Exercise requirements:
Could every line below be transcribed exactly, with the pictures dropped?

Study material:
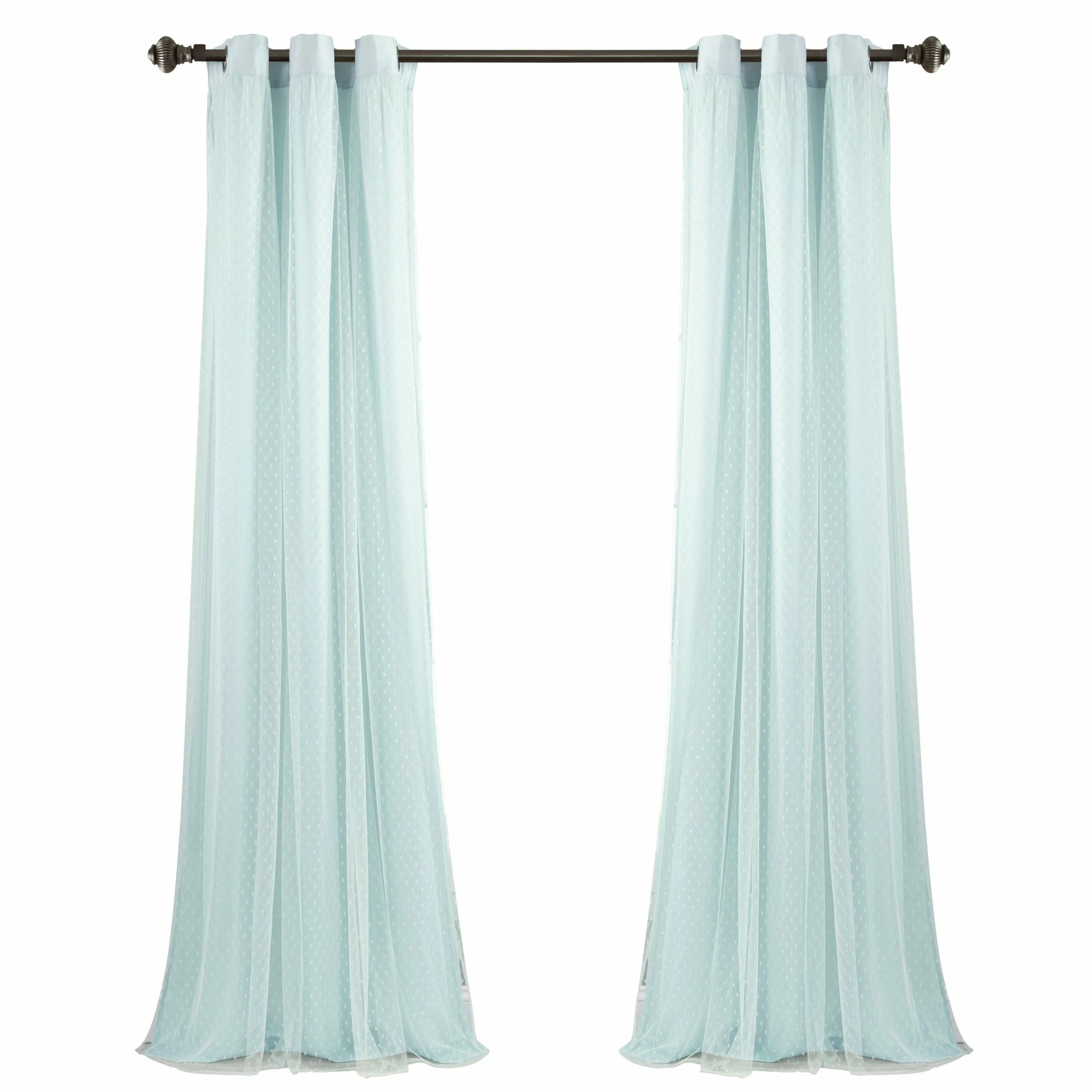 Best Pirce π Lush Decor Cottage Polka Dot Sheer Window Curtain Panel Including Tieback Single Neutral π 1 Best Pirce π Lush Decor Cottage Polka Dot Sheer Window Curtain Panel Including Tieback Single Neutral π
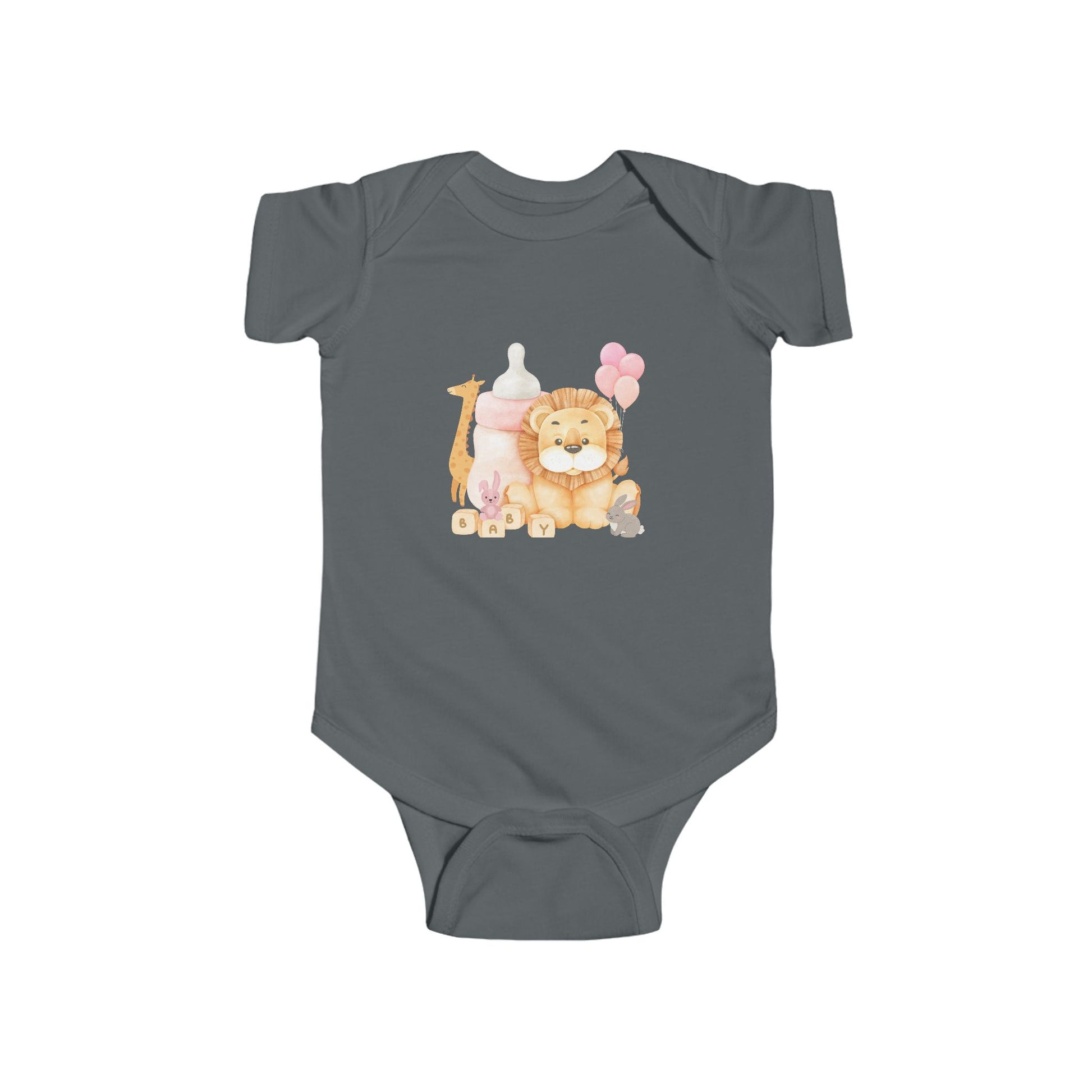 Giraffe and Friends Baby block Infant Onesie, Bodysuit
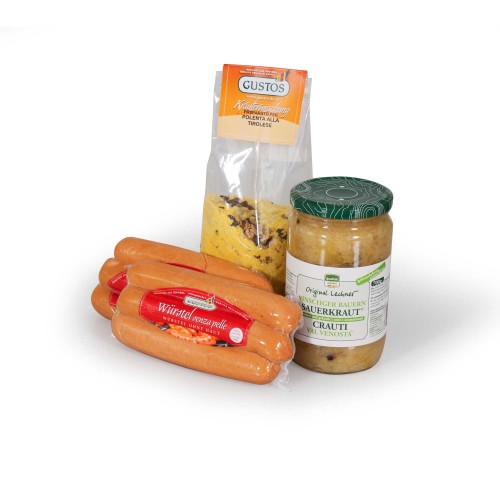 Polenta, würstel e crauti, tutto il necessario per un pranzo altoatesino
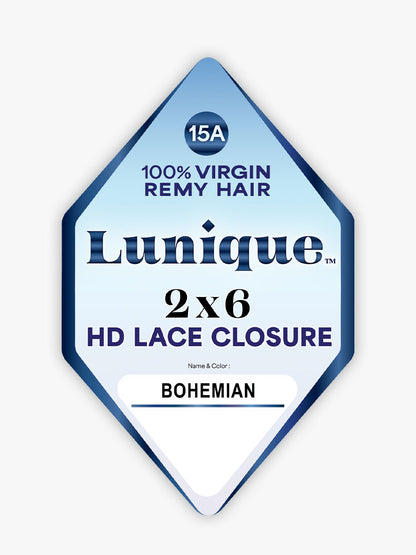 Sensationnel Lunique 2x6 HD Lace Closure Bohemian 12"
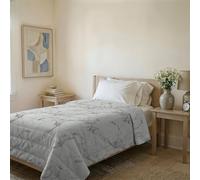 Italian Bed Linen Basic Printed Summer Quilt, Microfibre, Marble, Single 160 x 240 cm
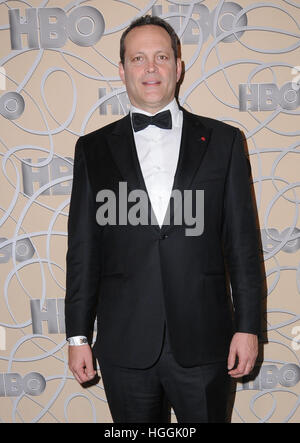 Los Angeles, USA. 8 janvier, 2017. Vince Vaughn à HBO's Official 2017 Golden Globe Awards After Party qui a eu lieu au Beverly Hilton Hotel à Beverly Hills. Credit : Birdie Thompson/AdMedia/ZUMA Press, Inc./Alamy Live News Banque D'Images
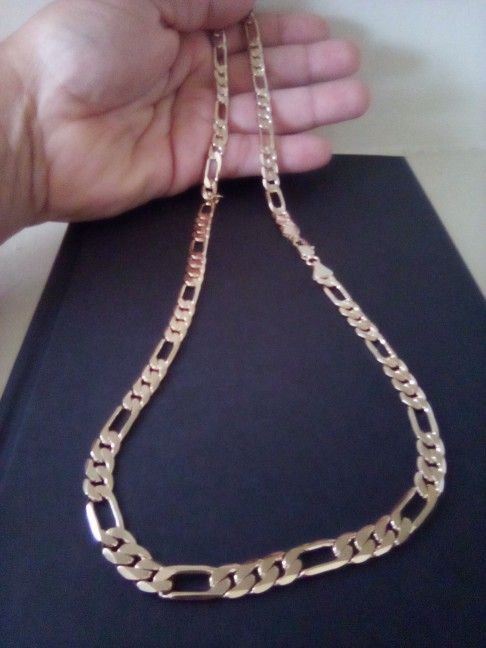 Gold 18k Plated Figaro Necklace Chain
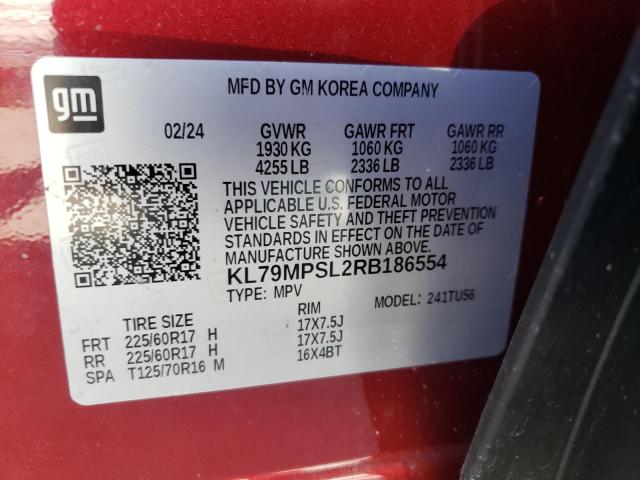 2024 CHEVROLET TRAILBLAZE KL79MPSL2RB186554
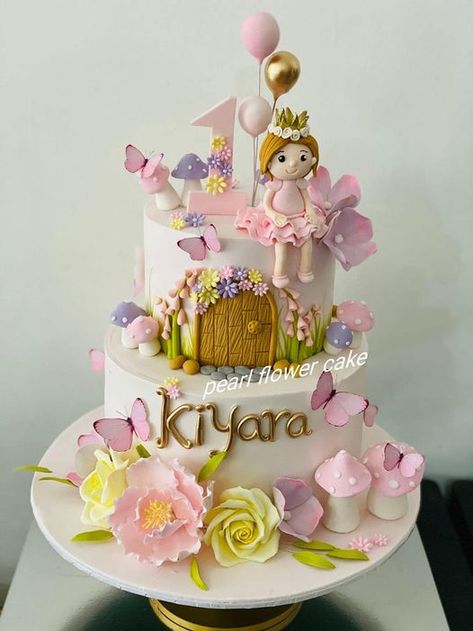 Happy Birthday Princess Cake, Fairy Princess Cake, Birthday Cake Models, Birthday Cake For Women Elegant, Fancy Birthday Cakes, Rapunzel Birthday Cake, Castle Birthday Cakes, Girly Birthday Cakes, Fairy Birthday Cake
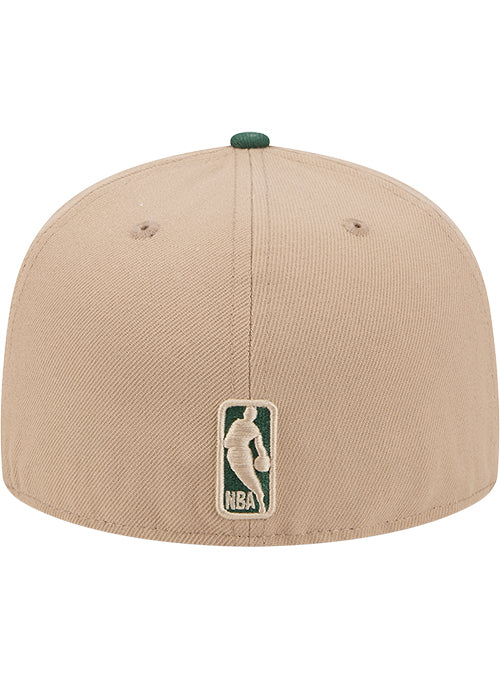 New Era 59Fifty 2-Tone Camel Milwaukee Bucks Fitted Hat - Image 4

Solved exercise:
 Best Pirce π Lush Decor Cottage Polka Dot Sheer Window Curtain Panel Including Tieback Single Neutral π 1 Best Pirce π Lush Decor Cottage Polka Dot Sheer Window Curtain Panel Including Tieback Single Neutral π
 Giraffe and Friends Baby block Infant Onesie, Bodysuit
 Polenta, würstel e crauti, tutto il necessario per un pranzo altoatesino
 Sensationnel Lunique 2x6 HD Lace Closure Bohemian 12"
 Italian Bed Linen Basic Printed Summer Quilt, Microfibre, Marble, Single 160 x 240 cm
 Los Angeles, USA. 8 janvier, 2017. Vince Vaughn à HBO's Official 2017 Golden Globe Awards After Party qui a eu lieu au Beverly Hilton Hotel à Beverly Hills. Credit : Birdie Thompson/AdMedia/ZUMA Press, Inc./Alamy Live News Banque D'Images
 Gold 18k Plated Figaro Necklace Chain
 2024 CHEVROLET TRAILBLAZE KL79MPSL2RB186554
 Happy Birthday Princess Cake, Fairy Princess Cake, Birthday Cake Models, Birthday Cake For Women Elegant, Fancy Birthday Cakes, Rapunzel Birthday Cake, Castle Birthday Cakes, Girly Birthday Cakes, Fairy Birthday Cake
 New Era 59Fifty 2-Tone Camel Milwaukee Bucks Fitted Hat - Image 4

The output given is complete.